Shakespeare Quotes: Strange bedfellows
Strange bedfellows Introduction
I'm Trinculo. I'm the jester so I'm always ready with a punch line or two. It also means I'm never without a drink or a boast. And you know what I think?
Here's neither bush nor shrub, to bear off
any weather at all, and another storm brewing;
I hear it sing i' the wind: yond same black
cloud, yond huge one, looks like a foul
bombard that would shed his liquor. If it
should thunder as it did before, I know not
where to hide my head: yond same cloud cannot
choose but fall by pailfuls. What have we
here? a man or a fish? dead or alive? A fish:
he smells like a fish; a very ancient and fish-
like smell; a kind of not of the newest Poor-
John. A strange fish! Were I in England now,
as once I was, and had but this fish painted,
not a holiday fool there but would give a piece
of silver: there would this monster make a
man; any strange beast there makes a man:
when they will not give a doit to relieve a lame
beggar, they will lazy out ten to see a dead
Indian. Legged like a man and his fins like
arms! Warm o' my troth! I do now let loose
my opinion; hold it no longer: this is no fish,
but an islander, that hath lately suffered by a
Alas, the storm is come again! my best way is to
creep under his gaberdine; there is no other
shelter hereabouts: misery acquaints a man with
strange bed-fellows. I will here shroud till the
dregs of the storm be past. (2.2.18-41)
Who Said It and Where
A creature named Caliban is busy fetching wood and cursing Prospero for the mean things he does, like sending spirits to torment him while he works. As Caliban complains of apes that chatter at and bite him, hedgehogs that prick his feet, and snakes that hiss him to madness, Trinculo enters, and Caliban assumes the stranger is another one of Prospero's nasty spirits.
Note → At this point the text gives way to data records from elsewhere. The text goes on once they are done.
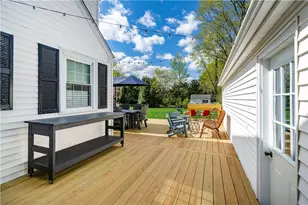 42 Grasslands Rd, East Greenwich, RI 02818 - Photo 43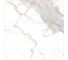 Керамогранит Global Tile Calacatta Imperial формат 60x60 см, белый, в коробке 1.44 кв. м GT60606103PR 16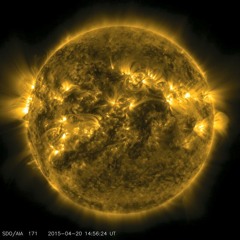 Contemporary Iranian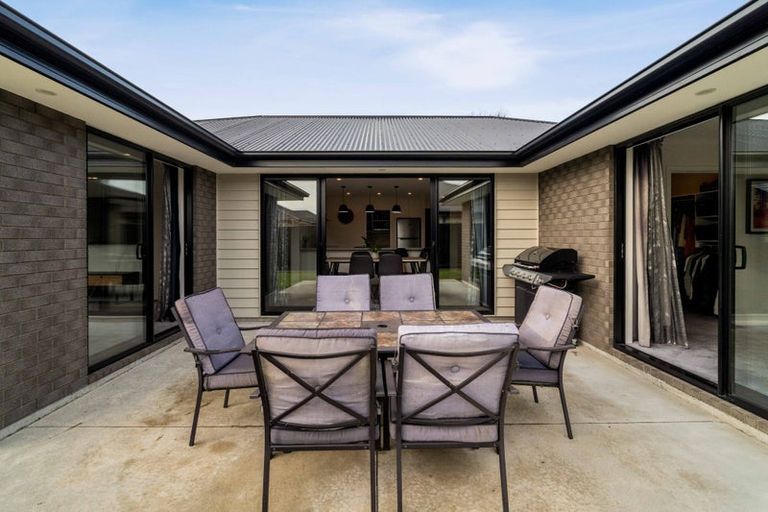 Photo of property in 273 Island Road, Kaiapoi, 7630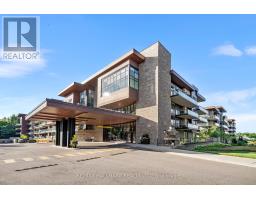 111 - 1575 LAKESHORE ROAD W, Mississauga, Ontario
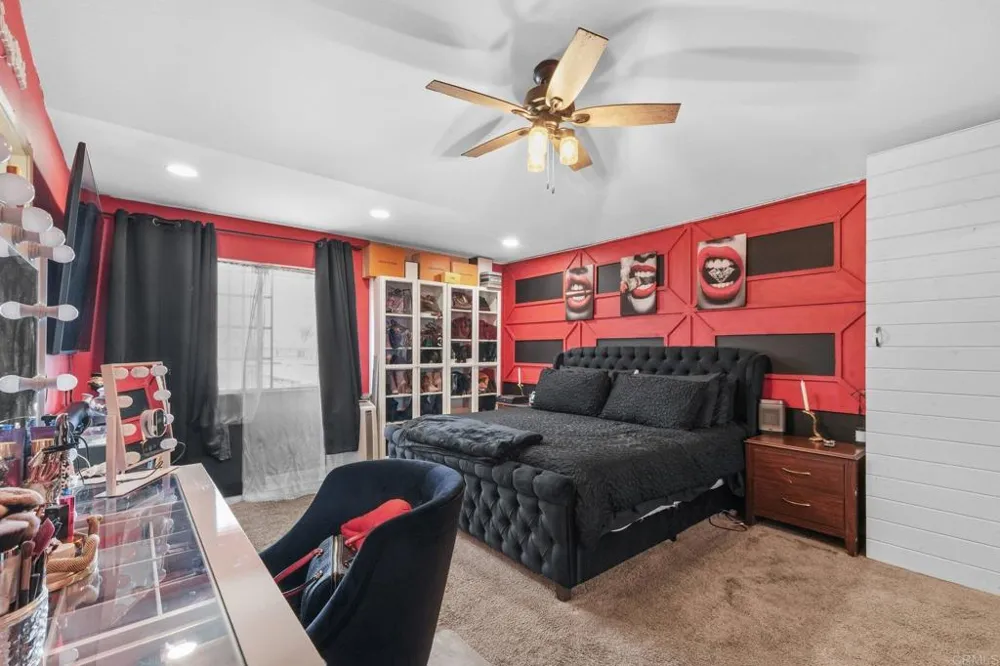 1365 15th Street San Diego, CA 92154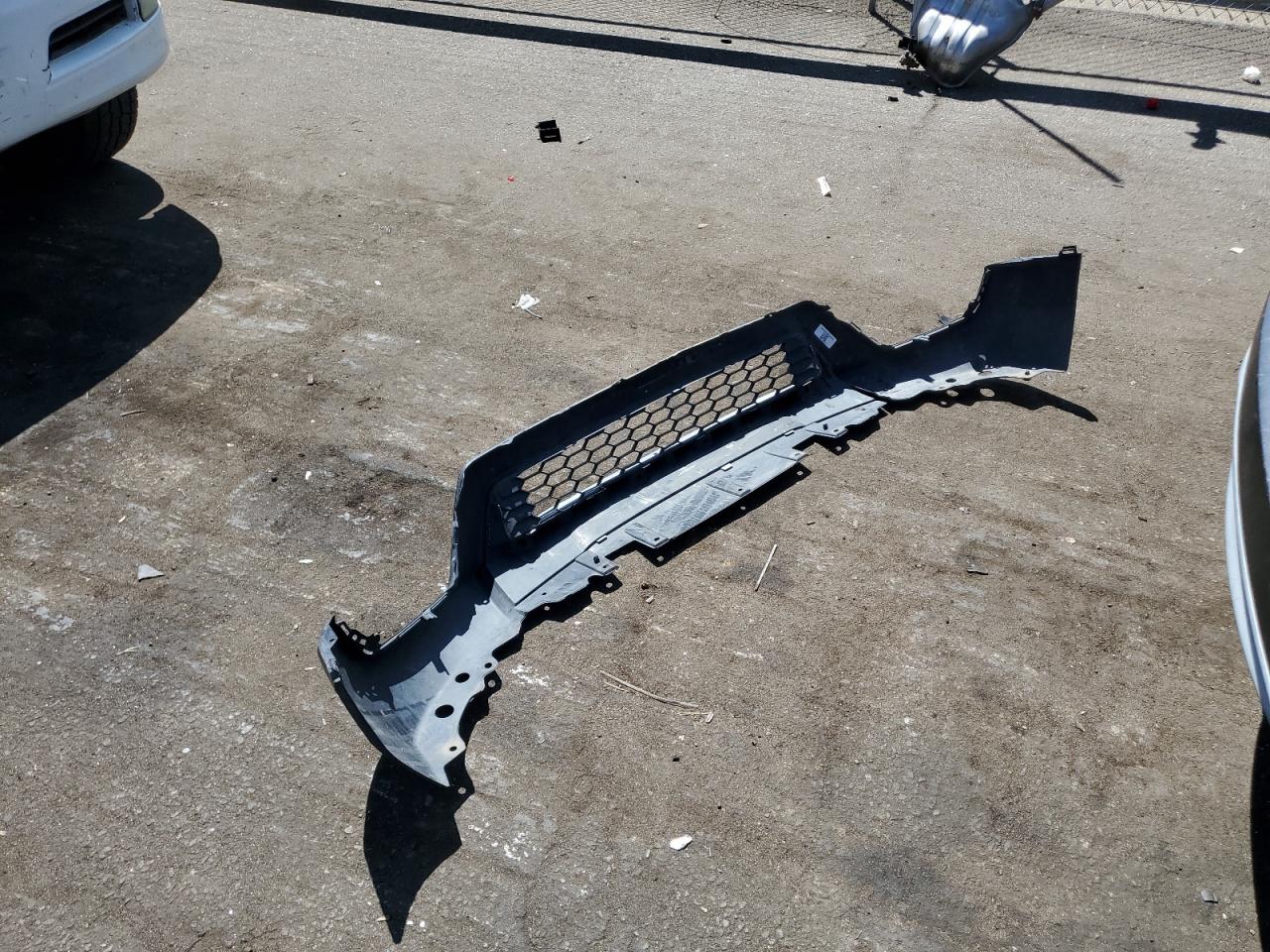 2017 Honda Cr-V Lx VIN: 2HKRW6H39HH218153 Lot: 66427364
Yet he's nothing of the sort. Trinculo is a jester and member of a group shipwrecked on the island, and he is wandering alone searching for cover, should another storm come. He spots Caliban, and seeing he is maybe a man or a fish (or both), immediately thinks of how people in England would pay to see an odd thing like this. Then he decides Caliban's deformed shape is simply that of a native islander recently hit by lightning.
Brain Snack: In 16th- and 17th-century England, people paid money to see American Indians who had been brought over from the New World and were exhibited like circus animals. Yep—that's precisely as awful as it sounds. But it explains a lot about what's happening here.
Hearing more thunder, Trinculo (quite a wuss, to put it indelicately) immediately jumps under Caliban's cape, seeking shelter. Just then, Stefano, the drunken butler, wanders in singing saucy songs about which women will put out for sailors, and which women won't. Surprised at seeing Caliban as a four legged creature (because Trinculo is under his cape), Stefano announces he did not escape drowning to fall to savages.
Caliban, thinking Stefano is another of Prospero's spirits, cries out. Stefano is shocked that this four-legged monster knows his own language, and thinks the monster suffers from some fever. Stefano will give the monster a drink to ease him, but also hopes he might drunkenly tame the monster and lure him back to Naples as a present for a European emperor.
Meanwhile, the still scared and hiding Trinculo thinks he recognizes Stefano's voice and calls out to him. Finally, after some silly nonsense, Stefano and Trinculo discover each other, and Caliban realizes the two are not spirits, but must be gods, what with the celestial liquor Stefano carries. Stefano doesn't deny it, and drunkenly claims that he was the man in the moon until recently, when he fell down.